In keeping with security best practices, databases should always remain private and isolated from the internet. However, for development purposes, accessing your database - such as an RDS instance - can be necessary. Connecting through a Bastion Host provides a secure way to establish this connection.
The tools required for this are:
- An AWS account.
- Powershell (or other command line shell)
- MySQL Workbench (or other visual database interaction software)
Create a VPC
Create a new VPC with both a private and public subnet and while in the VPC dashboard create 2 security groups:
- One for your EC2 instance: Allow inbound on port 80 (SSH) from your IP.
- One for your RDS instance: Allow 3306 (MySQL) from the EC2 security group. Go back into the EC2 group and allow outbound on 3306 to the RDS security group.
Create an EC2 instance
Free tier options are sufficient here.
- Make sure you create a new key pair if you dont already have one and download the .pem file.

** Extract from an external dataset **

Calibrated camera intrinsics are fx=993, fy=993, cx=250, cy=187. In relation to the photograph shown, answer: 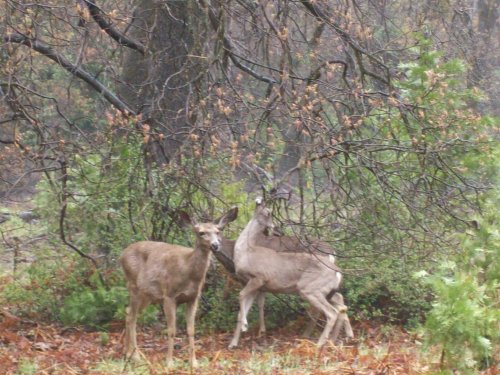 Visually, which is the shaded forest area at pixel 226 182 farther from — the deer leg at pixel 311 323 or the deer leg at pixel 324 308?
the deer leg at pixel 324 308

- Place it in your public subnet, assign the security group you created earlier and ensure assign public ip is ticked.
- Take note of the DNS thats created.
Create a new RDS instance
- Place it in your private subnet and assign it the RDS security group you created earlier.
- Once created take note of the DB endpoint and the provided credentials (once shown you wont be able to view them again.
Connect to your Database
-
Open a new powershell and use the following command to create a port forwarding session, Replacing each value with your own. Once logged in keep this shell open.
ssh -i <path-to-your-key.pem> -L 3306:<rds-endpoint>:3306 <ec2-user@<ec2-public-dns>
Open MySQL Workbench and create a new connection. Enter localhost as the hostname and 3306 as the port. Enter the database credentials and click ok. Click on your newly created connection and you should be in.
By following these steps you have securely connected to your private RDS instance through a Bastion Host. This method keeps your database isolated from the internet, aligning with security best practices, while still providing the access needed for development purposes.